THIS NOTICE DESCRIBES HOW MEDICAL INFORMATION ABOUT YOU MAY BE USED AND DISCLOSED AND HOW YOU CAN OBTAIN ACCESS TO THIS INFOMRATION. PLEASE REVIEW IT CAREFULLY.
Five Valleys Urology is committed to maintaining the privacy and confidentiality of all patient information. You have the right to privacy concerning your health care. All care and counseling received from Five Valleys Urology will be kept strictly confidential, except as required by law. Our Privacy Notice and policy on the Disclosure of Information are provided to acquaint you with your rights as a patient.
The privacy of your medical record is safeguarded. Information is available to any clinician, attorney or medical practitioner with your written authorization. If you would like to disclose information contained in your medical record to a third party, you must complete a written Medical Records/X-Ray Release Authorization form.
Certain information is obtained and kept whenever a person is treated at or referred from the medical practice of Five Valleys Urology. The information which you are requested to supply is necessary to assure your accurate identification, continuity of medical care and payment when appropriate. It is mandatory that you supply all requested information unless noted as optional. Failure to do so may affect our ability to provide optimal care of your health needs.
Your record is maintained at the Garden City Medical Building, 601 West Spruce Street, Suite G, Missoula, MT 59802 by Medical Records staff, under the supervision of the Business Manager, who may be contacted at (406) 728-3366. Within the limits of the law, you may review the information you provide and which we develop during your care. Information is also kept in an electronic database with high level security and restricted access.
The privacy of your record will be safeguarded. Information is available to any clinician, attorney, or medical facility with your written authorization. It will be available without your authorization to Five Valleys Urology and the assistants who may be involved in providing or reviewing your care. Information will be transmitted to State and Federal governmental agencies if required by law.
Pursuant to the Federal Privacy Act of 1974 and Regulation 4, Section 404, 1256, Code of Federal Regulations, under section 218, Title II of the Social Security Act, as amended, you are also hereby notified that disclosure of your social security number is mandatory. It is used to verify your identity in the medical care and payment system.
Disclosure of Information
Disclosure of information contained in the medical record may be made to a third party by authorized personnel once the legitimacy of the request has been established, and a valid written authorization is obtained from the patient.

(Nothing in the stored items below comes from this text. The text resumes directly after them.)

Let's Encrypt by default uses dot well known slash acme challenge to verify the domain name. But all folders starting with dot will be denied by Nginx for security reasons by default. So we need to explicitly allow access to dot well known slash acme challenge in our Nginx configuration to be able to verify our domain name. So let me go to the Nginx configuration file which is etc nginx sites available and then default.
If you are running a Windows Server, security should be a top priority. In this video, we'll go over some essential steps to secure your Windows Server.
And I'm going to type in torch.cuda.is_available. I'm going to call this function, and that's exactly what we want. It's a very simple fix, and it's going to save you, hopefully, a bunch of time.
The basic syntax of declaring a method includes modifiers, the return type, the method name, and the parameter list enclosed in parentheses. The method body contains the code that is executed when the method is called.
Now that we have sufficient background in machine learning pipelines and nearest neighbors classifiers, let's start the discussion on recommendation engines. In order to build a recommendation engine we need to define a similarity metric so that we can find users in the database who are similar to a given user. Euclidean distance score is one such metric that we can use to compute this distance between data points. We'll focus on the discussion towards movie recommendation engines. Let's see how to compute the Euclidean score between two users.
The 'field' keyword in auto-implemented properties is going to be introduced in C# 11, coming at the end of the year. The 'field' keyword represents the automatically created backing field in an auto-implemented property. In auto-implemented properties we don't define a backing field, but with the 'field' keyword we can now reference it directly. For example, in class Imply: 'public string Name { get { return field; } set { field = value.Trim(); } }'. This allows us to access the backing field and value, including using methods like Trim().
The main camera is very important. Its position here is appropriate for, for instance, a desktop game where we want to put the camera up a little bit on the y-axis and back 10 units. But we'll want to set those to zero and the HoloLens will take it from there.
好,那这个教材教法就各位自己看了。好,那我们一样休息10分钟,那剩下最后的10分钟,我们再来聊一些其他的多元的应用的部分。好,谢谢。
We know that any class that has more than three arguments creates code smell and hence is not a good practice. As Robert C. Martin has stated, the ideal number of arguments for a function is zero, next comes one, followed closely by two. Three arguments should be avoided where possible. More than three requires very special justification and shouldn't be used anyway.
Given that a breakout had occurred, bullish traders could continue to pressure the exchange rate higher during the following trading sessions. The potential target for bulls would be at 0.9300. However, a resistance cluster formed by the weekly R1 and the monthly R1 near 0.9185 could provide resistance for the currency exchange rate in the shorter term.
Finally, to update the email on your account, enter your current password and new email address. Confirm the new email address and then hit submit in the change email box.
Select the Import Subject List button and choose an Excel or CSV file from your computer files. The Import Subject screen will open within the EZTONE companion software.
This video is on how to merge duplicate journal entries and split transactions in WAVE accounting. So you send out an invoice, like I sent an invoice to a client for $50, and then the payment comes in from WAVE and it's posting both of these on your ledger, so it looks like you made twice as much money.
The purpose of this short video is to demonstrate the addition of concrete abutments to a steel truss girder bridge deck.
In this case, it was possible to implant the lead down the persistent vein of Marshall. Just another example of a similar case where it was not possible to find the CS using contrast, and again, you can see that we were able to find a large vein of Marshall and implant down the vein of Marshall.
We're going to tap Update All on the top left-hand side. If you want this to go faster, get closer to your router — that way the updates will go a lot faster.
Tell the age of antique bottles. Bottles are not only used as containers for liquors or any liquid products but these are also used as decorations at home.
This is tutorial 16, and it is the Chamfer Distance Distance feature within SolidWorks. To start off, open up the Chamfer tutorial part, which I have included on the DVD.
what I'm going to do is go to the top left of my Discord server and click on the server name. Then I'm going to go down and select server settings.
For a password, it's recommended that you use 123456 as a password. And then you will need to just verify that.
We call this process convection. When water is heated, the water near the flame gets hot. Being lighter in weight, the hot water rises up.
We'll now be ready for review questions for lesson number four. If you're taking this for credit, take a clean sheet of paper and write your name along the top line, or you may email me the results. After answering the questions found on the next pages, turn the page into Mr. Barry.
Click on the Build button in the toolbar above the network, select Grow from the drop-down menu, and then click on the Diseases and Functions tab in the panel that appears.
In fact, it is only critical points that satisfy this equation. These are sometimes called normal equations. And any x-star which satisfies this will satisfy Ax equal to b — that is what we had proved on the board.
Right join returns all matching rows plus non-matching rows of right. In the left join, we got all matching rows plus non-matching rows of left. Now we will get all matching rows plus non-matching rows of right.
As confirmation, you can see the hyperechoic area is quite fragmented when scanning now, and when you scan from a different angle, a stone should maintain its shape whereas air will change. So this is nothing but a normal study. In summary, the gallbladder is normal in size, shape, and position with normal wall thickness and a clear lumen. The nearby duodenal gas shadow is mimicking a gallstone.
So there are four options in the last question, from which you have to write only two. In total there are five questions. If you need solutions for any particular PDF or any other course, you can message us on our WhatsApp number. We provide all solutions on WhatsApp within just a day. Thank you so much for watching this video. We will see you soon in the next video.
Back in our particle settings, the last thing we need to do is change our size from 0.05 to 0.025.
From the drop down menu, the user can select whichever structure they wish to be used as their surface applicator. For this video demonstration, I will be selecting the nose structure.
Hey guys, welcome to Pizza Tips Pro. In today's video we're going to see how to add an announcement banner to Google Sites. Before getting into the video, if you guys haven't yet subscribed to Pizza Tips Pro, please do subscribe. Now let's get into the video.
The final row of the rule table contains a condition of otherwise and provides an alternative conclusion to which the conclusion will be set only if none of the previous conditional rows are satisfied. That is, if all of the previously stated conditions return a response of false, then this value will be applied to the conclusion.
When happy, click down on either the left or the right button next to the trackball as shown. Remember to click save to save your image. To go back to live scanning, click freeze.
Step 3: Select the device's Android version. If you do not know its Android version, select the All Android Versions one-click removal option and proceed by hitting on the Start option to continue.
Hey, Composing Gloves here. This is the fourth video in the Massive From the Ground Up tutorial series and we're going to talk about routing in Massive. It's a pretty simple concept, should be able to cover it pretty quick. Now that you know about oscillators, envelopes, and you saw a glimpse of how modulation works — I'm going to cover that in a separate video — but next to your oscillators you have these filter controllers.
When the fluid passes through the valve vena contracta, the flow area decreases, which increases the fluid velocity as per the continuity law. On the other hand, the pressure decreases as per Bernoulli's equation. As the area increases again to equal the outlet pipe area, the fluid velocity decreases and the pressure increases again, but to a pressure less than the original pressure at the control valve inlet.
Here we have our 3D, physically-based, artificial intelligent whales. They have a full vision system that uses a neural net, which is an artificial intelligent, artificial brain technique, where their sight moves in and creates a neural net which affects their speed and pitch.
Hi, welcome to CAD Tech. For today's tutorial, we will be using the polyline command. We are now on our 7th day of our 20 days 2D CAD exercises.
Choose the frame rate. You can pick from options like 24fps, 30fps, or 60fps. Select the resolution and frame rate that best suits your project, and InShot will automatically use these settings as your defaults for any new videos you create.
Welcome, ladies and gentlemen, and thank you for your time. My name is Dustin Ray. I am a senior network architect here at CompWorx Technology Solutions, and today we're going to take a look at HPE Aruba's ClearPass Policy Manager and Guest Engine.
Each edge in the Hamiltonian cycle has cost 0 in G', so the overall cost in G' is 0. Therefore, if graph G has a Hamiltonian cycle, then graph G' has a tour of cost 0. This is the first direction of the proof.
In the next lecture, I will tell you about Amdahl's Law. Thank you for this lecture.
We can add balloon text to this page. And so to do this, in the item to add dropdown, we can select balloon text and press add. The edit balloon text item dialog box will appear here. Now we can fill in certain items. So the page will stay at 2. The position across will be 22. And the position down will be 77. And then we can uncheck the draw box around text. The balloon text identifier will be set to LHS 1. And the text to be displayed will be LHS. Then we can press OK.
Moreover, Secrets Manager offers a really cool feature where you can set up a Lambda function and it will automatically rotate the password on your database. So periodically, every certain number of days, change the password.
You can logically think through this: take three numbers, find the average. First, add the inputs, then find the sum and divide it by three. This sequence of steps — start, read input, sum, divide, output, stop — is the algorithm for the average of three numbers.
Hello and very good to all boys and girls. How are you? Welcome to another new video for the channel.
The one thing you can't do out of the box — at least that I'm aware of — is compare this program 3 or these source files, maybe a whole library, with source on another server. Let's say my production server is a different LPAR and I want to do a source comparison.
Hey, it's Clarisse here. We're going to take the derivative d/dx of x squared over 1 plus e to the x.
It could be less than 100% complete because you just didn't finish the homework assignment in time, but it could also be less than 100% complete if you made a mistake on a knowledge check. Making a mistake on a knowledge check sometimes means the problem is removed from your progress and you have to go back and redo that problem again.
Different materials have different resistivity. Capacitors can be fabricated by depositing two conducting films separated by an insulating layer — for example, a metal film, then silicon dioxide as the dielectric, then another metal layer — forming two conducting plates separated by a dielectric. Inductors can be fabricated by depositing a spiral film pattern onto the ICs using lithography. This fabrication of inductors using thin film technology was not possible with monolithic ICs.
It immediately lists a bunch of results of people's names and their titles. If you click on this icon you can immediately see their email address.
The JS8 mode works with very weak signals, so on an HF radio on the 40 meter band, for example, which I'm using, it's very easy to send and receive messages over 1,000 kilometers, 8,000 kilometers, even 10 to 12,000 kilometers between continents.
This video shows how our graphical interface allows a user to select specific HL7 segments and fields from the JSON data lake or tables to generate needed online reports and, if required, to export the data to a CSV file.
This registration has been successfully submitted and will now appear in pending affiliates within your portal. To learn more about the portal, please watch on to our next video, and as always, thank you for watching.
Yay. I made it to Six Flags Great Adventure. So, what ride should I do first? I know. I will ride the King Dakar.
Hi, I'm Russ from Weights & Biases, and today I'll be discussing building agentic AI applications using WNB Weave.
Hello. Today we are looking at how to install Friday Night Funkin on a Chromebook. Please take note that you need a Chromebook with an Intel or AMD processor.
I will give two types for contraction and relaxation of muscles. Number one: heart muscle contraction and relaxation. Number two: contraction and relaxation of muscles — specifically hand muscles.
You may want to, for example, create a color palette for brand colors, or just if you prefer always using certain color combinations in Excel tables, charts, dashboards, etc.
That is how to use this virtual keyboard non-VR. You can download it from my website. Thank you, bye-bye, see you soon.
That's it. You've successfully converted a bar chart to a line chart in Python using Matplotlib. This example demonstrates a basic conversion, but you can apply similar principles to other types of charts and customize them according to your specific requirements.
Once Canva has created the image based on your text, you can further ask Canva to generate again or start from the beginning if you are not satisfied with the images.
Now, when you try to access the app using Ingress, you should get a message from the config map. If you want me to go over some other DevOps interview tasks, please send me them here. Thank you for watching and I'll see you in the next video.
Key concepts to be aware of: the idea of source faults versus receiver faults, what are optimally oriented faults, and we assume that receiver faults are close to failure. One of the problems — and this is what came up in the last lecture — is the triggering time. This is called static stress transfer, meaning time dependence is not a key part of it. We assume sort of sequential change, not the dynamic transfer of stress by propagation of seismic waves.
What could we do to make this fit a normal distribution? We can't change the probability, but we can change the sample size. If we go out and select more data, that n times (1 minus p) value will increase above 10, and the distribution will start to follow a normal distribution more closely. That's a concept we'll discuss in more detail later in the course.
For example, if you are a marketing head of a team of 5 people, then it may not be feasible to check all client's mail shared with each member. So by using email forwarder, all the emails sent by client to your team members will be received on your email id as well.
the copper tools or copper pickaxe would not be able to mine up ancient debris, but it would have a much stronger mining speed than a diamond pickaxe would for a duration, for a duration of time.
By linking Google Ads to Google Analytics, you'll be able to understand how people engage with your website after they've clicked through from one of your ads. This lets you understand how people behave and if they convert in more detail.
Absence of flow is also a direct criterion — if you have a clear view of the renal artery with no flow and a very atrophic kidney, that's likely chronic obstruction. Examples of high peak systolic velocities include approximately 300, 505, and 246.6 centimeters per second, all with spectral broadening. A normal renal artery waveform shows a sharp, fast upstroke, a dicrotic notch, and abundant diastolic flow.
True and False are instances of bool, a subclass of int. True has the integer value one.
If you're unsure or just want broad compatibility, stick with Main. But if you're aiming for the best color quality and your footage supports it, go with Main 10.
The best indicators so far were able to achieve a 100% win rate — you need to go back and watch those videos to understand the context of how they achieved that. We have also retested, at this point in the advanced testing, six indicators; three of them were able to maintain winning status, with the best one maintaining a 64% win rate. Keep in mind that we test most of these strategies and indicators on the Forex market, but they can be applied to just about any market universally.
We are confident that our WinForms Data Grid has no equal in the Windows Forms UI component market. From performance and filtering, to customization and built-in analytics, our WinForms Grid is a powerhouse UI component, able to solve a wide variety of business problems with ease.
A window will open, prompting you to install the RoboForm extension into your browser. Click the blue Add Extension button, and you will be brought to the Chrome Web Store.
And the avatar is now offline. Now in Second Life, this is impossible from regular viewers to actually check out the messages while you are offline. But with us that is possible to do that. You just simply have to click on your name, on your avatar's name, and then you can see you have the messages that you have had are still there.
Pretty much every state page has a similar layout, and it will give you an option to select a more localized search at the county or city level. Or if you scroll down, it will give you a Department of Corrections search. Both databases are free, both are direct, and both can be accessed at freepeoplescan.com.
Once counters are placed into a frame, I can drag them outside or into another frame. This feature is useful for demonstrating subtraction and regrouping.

Information is routinely disclosed from Medical Records by providing the third party with photocopies of the requested information. The third party may also request to review the medical record in person in the presence of the Business Manager during normal business hours. All disclosures will be documented in the disclosure log. A copy of the Business Associate Agreement will accompany all disclosures to third parties.
Authorization for disclosure is not required:
- When the health and safety of the individual is in jeopardy, i.e. in an emergency, to another facility or physician treating the individual via telephone.
- Upon direct transfer of the individual’s care to another facility.
- On court order or subpoena (under certain circumstances).
- For examination by an accrediting or licensing agency.
- For information provided to the Health Department (City, County, or State), as required by law regarding communicable disease and vital statistics.
- For review by Industrial Accident Boards.
- By the Food and Drug Administration during and official investigation.
- For police during an official criminal investigation.
- For Blue Cross and Blue Shield when acting as intermediary for government-sponsored programs.
- For practice legal counsel in all cases involving litigation against the practice.
- For the Medical Examiner’s Office.
Authorization for disclosure is required:
- For licensed medical or psychiatric personnel not consulting or on Five Valleys Urology’s staff, but providing care to the individual.
- For facilities providing care to the individual, other than by direct referral by Five Valleys Urology.
- For lawyers.
- For insurance companies.
- For government agencies, unless authorized by law.
- For schools.
- For employers.
- For Worker’s Compensation proceedings.
Valid authorization must be:
- In writing.
- Addressed to Five Valleys Urology.
- Dated within thirty days of our receipt of consent or within the time limit stipulated by the patient and not dated prior to the beginning of treatment.
- Designate the person, company, or agency to whom the information is to be disclosed.
- Specify what information is to be disclosed, and list any limitations (such as dates of visits to be included).
- Signed by the patient, as verified by matching the signature against the signature on the health form. If the patient is incompetent, it must be signed by the conservator of the estate or the next of kin.
- An original, unless not available, and then a legible photocopy.
The authorization will be filed in the medical folder. If a photocopy service reproduces the medical record upon presentation of a valid authorization signed by the patient, the representative will be required to sign and date the bottom of the authorization.